The practice is most certainly pervasive in NYC. I would call that as bad as
people claim. Most of the online documentation of the phenomenon is more
behavior shaming though and not anything approaching "vitriolic", this
ridiculous bit of theater being an exception of course.

------
raffomania
I find it interesting that this is financed by the EU.

My first reaction to this was a lot of skepticism - the article makes a lot of
bold claims without backing any of them up. I was ready to write this off as
another sleazy mud-throwing operation when I found the official EU site [0]
describing the team and their goals - including "Effective communication and
promotion of EU policies towards the Eastern Neighbourhood". The biased
writing and this "promotion of policies" really make me think this is no
better than the "fake news" everyone complains about.

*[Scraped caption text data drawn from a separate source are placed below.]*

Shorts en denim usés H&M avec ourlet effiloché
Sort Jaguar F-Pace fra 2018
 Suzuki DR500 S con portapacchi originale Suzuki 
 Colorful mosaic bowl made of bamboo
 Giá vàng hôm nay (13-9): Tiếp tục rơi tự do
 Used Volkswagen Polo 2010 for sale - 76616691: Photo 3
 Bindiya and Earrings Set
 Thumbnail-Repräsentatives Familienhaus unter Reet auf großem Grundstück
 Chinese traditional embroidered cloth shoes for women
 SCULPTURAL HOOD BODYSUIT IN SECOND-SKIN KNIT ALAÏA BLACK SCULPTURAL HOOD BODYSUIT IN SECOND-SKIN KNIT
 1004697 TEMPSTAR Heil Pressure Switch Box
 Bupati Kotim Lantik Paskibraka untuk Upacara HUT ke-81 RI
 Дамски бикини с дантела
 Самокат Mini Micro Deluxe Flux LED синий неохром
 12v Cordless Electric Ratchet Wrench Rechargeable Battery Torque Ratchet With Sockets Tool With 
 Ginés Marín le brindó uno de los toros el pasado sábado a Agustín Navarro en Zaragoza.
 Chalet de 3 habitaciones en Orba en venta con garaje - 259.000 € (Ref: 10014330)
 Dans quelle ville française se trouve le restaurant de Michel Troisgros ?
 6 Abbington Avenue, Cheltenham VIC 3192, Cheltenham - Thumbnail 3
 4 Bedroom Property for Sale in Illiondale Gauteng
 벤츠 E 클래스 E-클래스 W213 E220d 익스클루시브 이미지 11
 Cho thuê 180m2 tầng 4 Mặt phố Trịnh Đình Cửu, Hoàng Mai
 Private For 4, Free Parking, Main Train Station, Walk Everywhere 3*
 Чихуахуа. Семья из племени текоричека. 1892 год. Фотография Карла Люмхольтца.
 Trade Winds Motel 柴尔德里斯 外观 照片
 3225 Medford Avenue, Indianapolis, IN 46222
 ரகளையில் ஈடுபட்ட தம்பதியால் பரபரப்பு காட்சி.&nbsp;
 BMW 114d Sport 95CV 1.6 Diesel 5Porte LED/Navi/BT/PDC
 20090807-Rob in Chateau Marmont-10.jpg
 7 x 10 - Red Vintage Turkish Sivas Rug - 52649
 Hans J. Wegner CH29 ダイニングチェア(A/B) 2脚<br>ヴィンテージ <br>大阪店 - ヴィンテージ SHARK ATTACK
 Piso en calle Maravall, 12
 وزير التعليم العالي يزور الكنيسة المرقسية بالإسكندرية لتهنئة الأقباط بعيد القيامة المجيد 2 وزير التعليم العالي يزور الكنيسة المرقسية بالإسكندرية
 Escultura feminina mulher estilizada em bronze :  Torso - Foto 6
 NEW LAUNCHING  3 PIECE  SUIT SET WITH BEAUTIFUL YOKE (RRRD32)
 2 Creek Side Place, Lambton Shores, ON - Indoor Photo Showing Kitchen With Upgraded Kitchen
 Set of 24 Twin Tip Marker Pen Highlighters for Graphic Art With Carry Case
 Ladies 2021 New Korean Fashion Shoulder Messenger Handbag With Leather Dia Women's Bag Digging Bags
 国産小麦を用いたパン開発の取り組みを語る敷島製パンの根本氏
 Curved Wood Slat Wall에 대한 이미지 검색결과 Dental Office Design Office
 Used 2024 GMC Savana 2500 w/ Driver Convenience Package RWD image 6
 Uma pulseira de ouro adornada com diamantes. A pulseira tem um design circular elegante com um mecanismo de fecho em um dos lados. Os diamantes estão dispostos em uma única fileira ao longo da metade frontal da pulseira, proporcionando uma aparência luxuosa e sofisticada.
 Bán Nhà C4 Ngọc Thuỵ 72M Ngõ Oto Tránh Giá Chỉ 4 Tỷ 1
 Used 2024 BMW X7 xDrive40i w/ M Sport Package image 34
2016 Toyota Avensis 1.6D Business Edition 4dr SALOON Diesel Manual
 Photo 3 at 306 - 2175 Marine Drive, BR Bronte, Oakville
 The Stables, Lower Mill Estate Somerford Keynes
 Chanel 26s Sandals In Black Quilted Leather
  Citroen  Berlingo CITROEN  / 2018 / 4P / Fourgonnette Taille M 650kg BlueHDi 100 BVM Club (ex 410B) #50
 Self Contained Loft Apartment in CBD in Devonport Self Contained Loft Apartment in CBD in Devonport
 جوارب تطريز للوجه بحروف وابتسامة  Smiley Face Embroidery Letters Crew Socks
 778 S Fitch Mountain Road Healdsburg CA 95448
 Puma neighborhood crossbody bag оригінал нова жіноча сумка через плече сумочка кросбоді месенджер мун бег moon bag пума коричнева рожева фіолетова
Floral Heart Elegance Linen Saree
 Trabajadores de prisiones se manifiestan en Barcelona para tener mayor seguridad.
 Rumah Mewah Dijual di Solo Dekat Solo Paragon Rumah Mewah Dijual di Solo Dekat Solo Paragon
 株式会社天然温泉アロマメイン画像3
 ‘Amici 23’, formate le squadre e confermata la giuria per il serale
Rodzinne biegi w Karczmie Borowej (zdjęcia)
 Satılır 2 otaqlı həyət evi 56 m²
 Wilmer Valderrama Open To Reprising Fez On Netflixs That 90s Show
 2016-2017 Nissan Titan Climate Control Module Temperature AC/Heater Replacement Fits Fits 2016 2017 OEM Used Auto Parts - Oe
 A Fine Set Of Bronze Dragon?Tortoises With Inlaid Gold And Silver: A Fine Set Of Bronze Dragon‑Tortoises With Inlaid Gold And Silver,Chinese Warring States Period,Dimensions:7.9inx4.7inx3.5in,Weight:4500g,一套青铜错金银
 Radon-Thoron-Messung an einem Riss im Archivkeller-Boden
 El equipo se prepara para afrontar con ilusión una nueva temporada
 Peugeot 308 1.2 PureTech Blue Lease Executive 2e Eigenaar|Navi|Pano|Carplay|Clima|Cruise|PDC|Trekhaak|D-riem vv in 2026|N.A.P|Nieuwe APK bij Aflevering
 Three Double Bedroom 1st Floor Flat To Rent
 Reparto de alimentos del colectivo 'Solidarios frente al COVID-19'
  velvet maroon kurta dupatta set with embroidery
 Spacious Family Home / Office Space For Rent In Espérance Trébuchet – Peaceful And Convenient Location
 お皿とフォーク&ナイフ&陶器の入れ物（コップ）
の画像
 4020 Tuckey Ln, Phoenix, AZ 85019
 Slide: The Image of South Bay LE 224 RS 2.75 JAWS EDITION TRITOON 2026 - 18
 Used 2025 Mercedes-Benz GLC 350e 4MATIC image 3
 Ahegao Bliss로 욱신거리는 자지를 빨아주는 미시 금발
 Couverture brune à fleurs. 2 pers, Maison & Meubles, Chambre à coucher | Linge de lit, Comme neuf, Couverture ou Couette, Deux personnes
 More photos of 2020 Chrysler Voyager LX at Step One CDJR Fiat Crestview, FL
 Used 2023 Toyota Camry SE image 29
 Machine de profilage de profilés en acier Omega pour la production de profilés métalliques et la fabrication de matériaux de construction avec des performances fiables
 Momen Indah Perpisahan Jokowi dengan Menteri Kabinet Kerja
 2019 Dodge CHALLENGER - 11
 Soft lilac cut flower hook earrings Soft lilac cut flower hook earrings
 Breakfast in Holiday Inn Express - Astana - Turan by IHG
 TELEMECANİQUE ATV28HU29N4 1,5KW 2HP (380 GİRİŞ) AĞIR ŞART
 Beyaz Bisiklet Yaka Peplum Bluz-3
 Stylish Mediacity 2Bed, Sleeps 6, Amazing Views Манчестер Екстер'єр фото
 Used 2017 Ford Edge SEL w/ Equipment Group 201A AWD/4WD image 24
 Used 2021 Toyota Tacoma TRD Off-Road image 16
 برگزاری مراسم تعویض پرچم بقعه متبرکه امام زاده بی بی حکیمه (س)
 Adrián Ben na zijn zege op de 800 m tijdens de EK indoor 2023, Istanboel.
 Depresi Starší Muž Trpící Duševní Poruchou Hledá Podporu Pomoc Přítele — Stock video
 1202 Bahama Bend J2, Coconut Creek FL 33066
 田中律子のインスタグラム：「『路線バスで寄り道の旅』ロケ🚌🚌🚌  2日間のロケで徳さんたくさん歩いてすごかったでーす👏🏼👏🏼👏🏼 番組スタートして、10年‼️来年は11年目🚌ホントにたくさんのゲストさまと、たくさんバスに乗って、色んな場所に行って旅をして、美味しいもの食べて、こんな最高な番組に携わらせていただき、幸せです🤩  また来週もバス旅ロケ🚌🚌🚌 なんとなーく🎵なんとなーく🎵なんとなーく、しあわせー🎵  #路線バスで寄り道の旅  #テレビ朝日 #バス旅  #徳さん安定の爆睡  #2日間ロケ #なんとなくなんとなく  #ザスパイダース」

[0] [https://eeas.europa.eu/headquarters/headquarters-
homepage/21...](https://eeas.europa.eu/headquarters/headquarters-
homepage/2116/-questions-and-answers-about-the-east-stratcom-task-force_en)

------
throw2016
This is like saying fake pick up videos on youtube are funded by the CIA. This
is a witch hunt and an insult to informed discussion.

There are attention seeking groups like Femen who are known for staging
stunts. This group has a fake upskirt video, now this mansplaining video and
presumably they will keep trying.

If it works out you get tons of media interviews, attention, become a media
personality and spin it into some serious income.